Much of The Taking of Pelham 1 2 3 takes place in the claustrophobic, fluorescent-lit confines of the hijacked train, in the even more claustrophobic oily blackness of the subway tunnels, and in the MTA control center, and much of the movie is just Garber and Ryder talking over the radio. Director Tony Scott likes a moving target, and if he doesn't have one, he makes one. His camera bobs and weaves In The Taking of Pelham 1 2 3, and his kinetic, energetic visuals mimic the rhythms of the trains, and the way the world looks through the windows of a moving subway car -- a blur of fast movement, and flickering, zoetrope-like impressions of a static tableau set in motion. Windows and computer screens (as high tech windows) figure prominently in the look of the film, and frame the action, and, in rare still moments, resemble the frames of a strip of movie film. The dialogue in Brian Helgelund's screenplay fixes on the radio-mediated back and forth between Ryder and Garber as each man tries to suss out the other, and get a glimpse into his adversary's soul through carefully chosen words.

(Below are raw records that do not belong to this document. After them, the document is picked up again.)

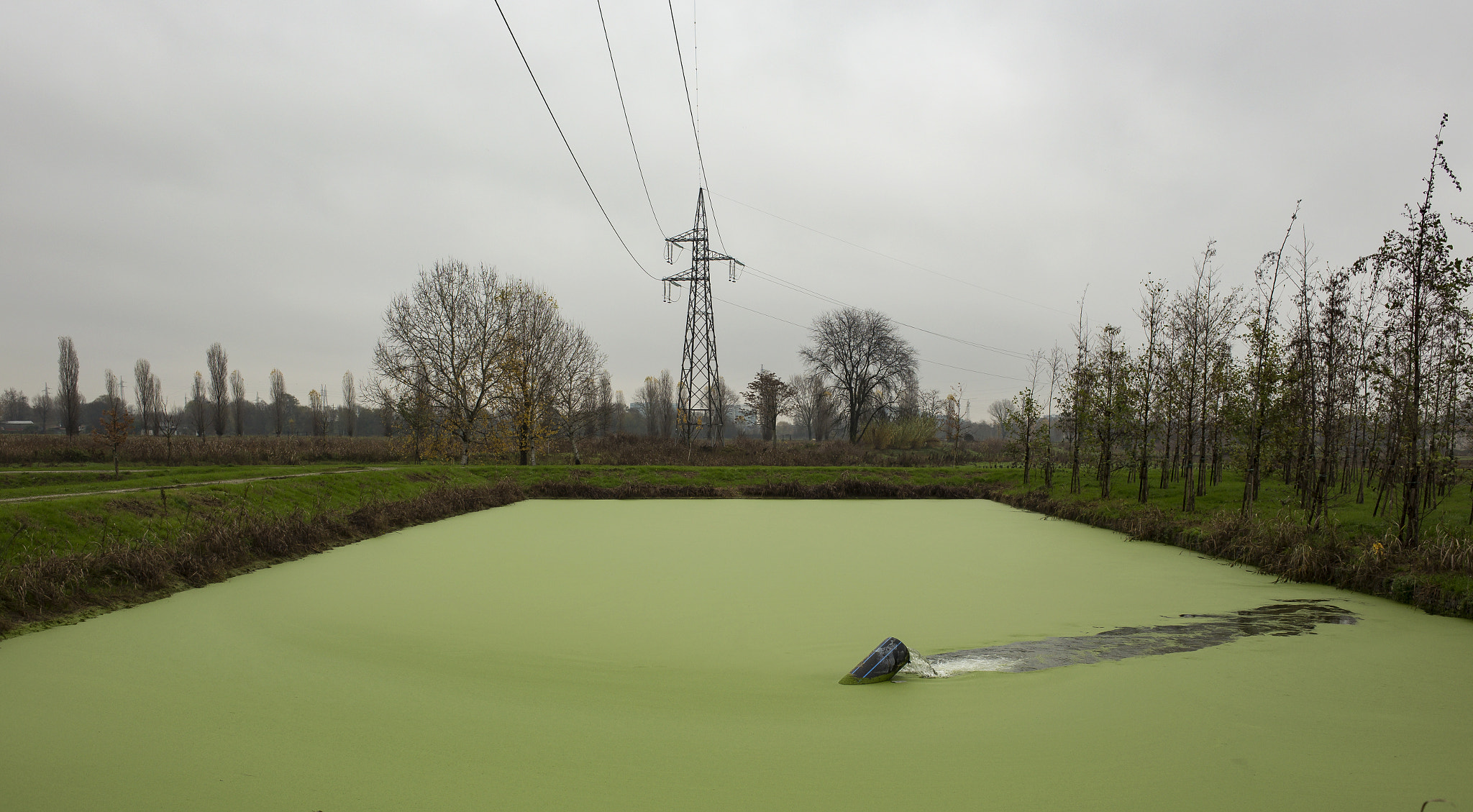 Canon EOS 6D + Canon EF 35mm F2 sample photo. Green pond photography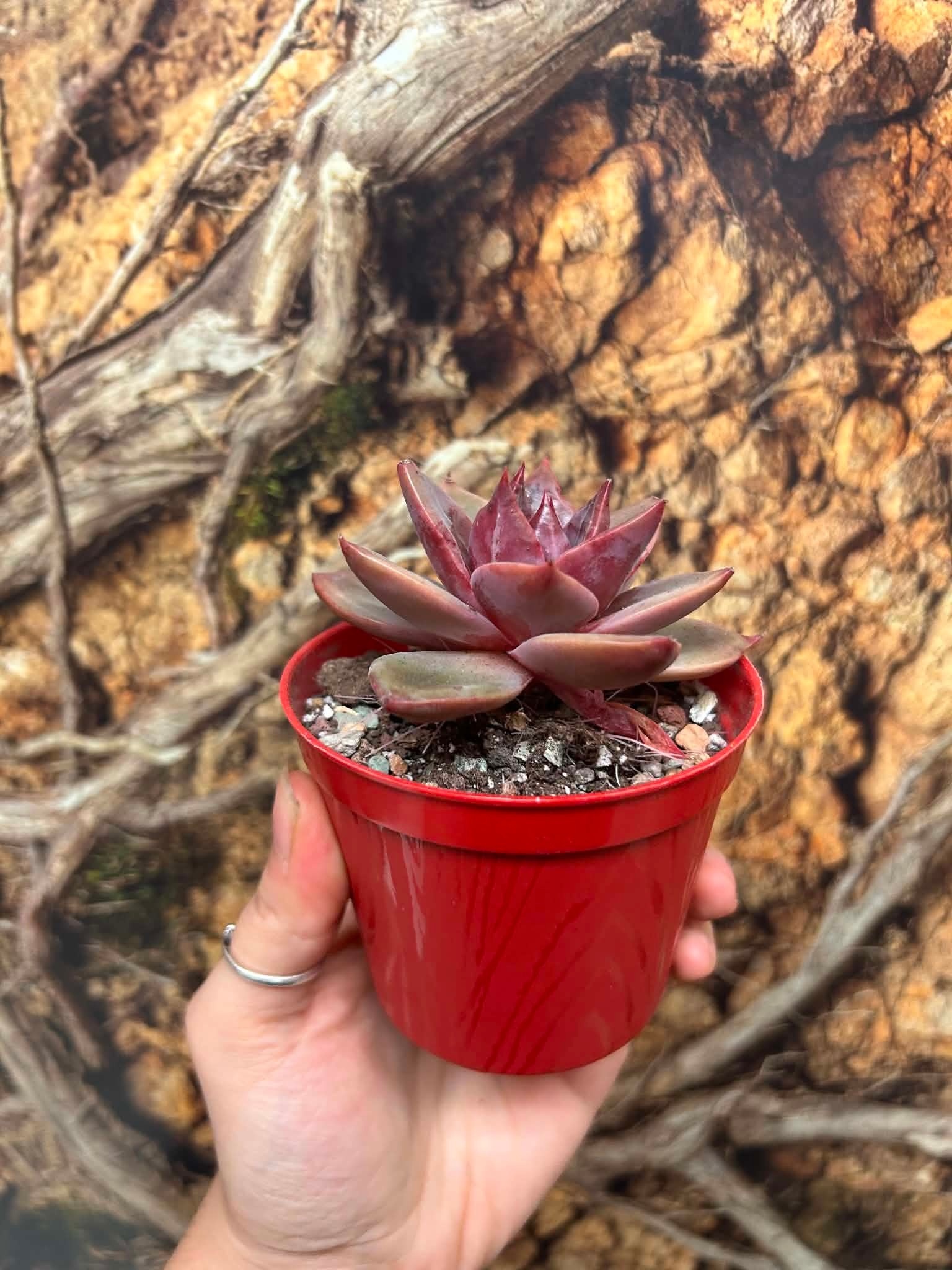 Magazoo Plante Echeveria ''Red Psyche''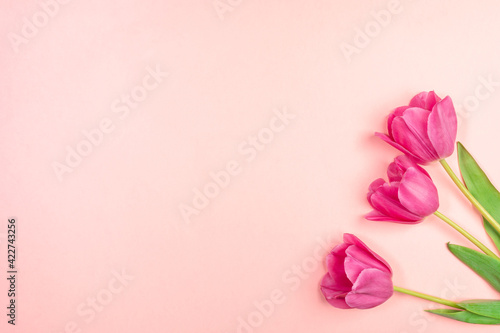 Spring festive minimal background with three magenta tulips on pastel pink. Copy space for text. © SeNata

There are a few holes in the plot, and the ending is perhaps less plausible than all that precedes it, but The Taking of Pelham 1 2 3 is an efficient, compelling, utterly watchable and absorbing thriller. The action is choreographed to perfection, and the filmmakers take Ryder's one hour deadline seriously -- there's no padding in this lean movie, which, allowing for some before and after, clocks in at an hour and 35 minutes. But tucked in between the movement and mishegas of the hijacking and hostage-taking, the negotiations and spasms of violence, the movie efficiently packs in a parable about greed, easy money, and moral choices.


Cinematographer Tobias Schliessler keeps the movie's palette natural, which is to say, unnatural -- the greenish hue of the subway car and the cool blues and hot reds of the control center dominate (Garber, with his mustard shirt and amber glasses, represents some kind of earthy, grounded middle). When the film is above ground, the camera is usually flying high above, but always ready to plunge back into the subterranean darkness, because this is a movie about moral turpitude, and the battle between the light and the dark, both within two men, and within the soul of the city. Ryder, down in the dark, is angry, whiny and self-righteous. He's the sort of guy who spreads pain and blame, assigning responsibility for all of his misdeeds elsewhere. It's no accident he speaks the language of money, greed, excess, and personal unaccountability. Travolta deftly balances Ryder on the sharp edge of insanity -- he is predictable and rational, but only because he is brutally cunning, and does exactly what he says he will do no matter how insane it is. Washington's Garber is no saint -- he's worked his way through the ranks of the Transit Authority, from motorman to supervisor, but appears to be working his way back down following his own minor financial scandal. He's the quiet, stoic everyman here, to contrast with Travolta's hyperbolic, voluble kvetcher. Ryder fixates on what he has in common with Garber, and the mayor (mired in a career-imploding marital scandal). And The Taking of Pelham 1 2 3 boils down to this question -- what's the difference between the good guys and the bad guys? Is it luck? Choices? Temperament? Character? Garber's got something essential -- moral fiber perhaps -- that Ryder lacks. Whatever it is, it's the reason Garber is on the side of right (most of the time, anyway), and Ryder isn't, and why Ryder has to warm himself in a cloak of righteousness, and Garber doesn't. And that's as timely (and timeless) a story as any in tumultuous times like these.